● **REQUIRED WORK**
Reproduce only the lines of the material below that start at the line containing "Caritas Schwarzwald-Alb-Donau" and stop at the line containing "Artystyczna Podróż Hestii – znamy finalistów". Keep both end lines.

● **DATA TO USE**
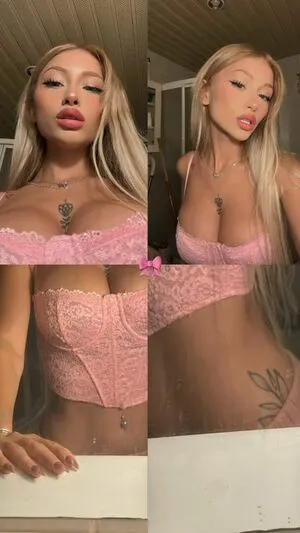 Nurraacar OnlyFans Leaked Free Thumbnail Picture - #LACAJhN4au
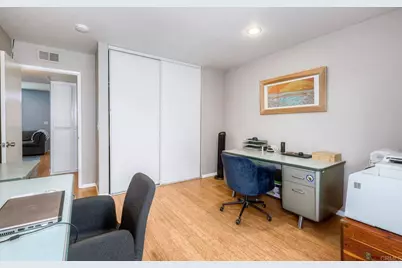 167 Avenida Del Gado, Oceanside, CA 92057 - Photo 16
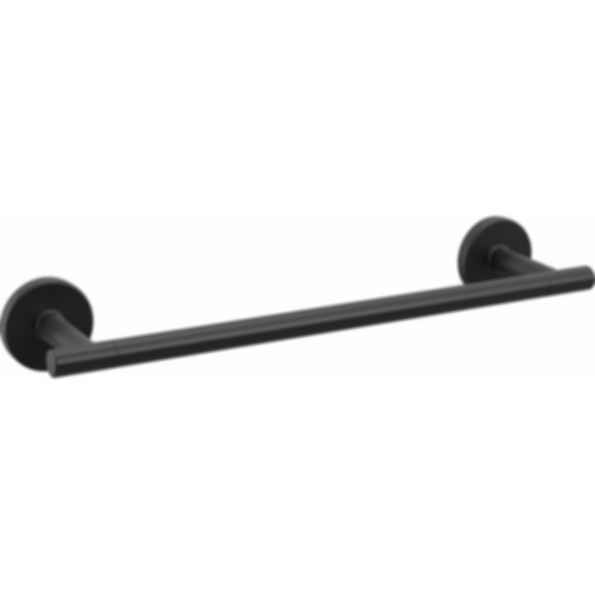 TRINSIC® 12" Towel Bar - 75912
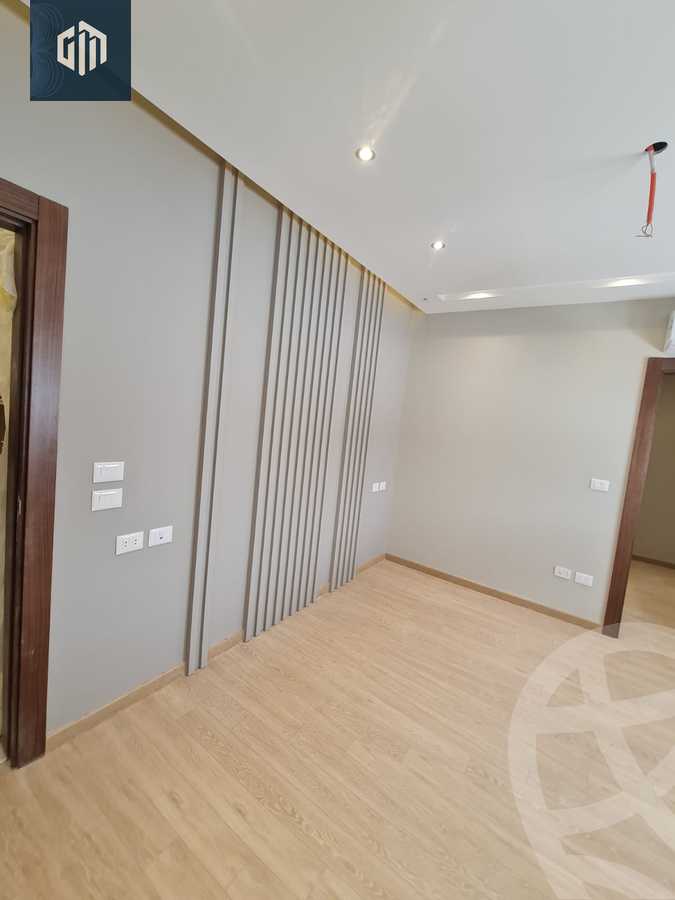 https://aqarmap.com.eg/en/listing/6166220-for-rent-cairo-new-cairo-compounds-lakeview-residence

==

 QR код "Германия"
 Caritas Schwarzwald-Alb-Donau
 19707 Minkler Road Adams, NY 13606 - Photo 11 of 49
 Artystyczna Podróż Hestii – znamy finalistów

● **EXERCISE RESULT**
 Caritas Schwarzwald-Alb-Donau
 19707 Minkler Road Adams, NY 13606 - Photo 11 of 49
 Artystyczna Podróż Hestii – znamy finalistów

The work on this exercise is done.